■ MATERIAL TO PROCESS
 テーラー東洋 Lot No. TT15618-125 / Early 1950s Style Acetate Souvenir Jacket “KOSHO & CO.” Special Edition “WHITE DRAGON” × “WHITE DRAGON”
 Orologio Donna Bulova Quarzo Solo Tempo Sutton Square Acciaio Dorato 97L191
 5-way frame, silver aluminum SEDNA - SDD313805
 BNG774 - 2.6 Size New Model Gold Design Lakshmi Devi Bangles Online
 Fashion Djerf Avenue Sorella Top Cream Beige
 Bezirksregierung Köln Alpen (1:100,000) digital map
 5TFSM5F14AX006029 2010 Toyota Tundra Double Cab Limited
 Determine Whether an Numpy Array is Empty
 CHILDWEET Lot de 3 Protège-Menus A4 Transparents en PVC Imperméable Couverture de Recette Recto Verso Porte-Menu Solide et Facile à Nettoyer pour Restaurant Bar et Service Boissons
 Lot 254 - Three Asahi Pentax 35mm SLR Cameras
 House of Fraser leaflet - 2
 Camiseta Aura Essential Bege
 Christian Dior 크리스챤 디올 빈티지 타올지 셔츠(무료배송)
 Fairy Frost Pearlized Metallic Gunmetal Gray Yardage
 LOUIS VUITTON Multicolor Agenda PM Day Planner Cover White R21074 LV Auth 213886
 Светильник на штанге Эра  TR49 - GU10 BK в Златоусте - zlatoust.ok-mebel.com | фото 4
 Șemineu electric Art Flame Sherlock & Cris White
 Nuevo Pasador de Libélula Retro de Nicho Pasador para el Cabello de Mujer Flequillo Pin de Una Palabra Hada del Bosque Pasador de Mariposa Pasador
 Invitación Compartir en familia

■ ASSIGNMENT
Beginning at the line that contains "LOUIS VUITTON Multicolor" and ending at the last line above, copy each line without any change.

■ RESULT FOR THIS EXERCISE
 LOUIS VUITTON Multicolor Agenda PM Day Planner Cover White R21074 LV Auth 213886
 Светильник на штанге Эра  TR49 - GU10 BK в Златоусте - zlatoust.ok-mebel.com | фото 4
 Șemineu electric Art Flame Sherlock & Cris White
 Nuevo Pasador de Libélula Retro de Nicho Pasador para el Cabello de Mujer Flequillo Pin de Una Palabra Hada del Bosque Pasador de Mariposa Pasador
 Invitación Compartir en familia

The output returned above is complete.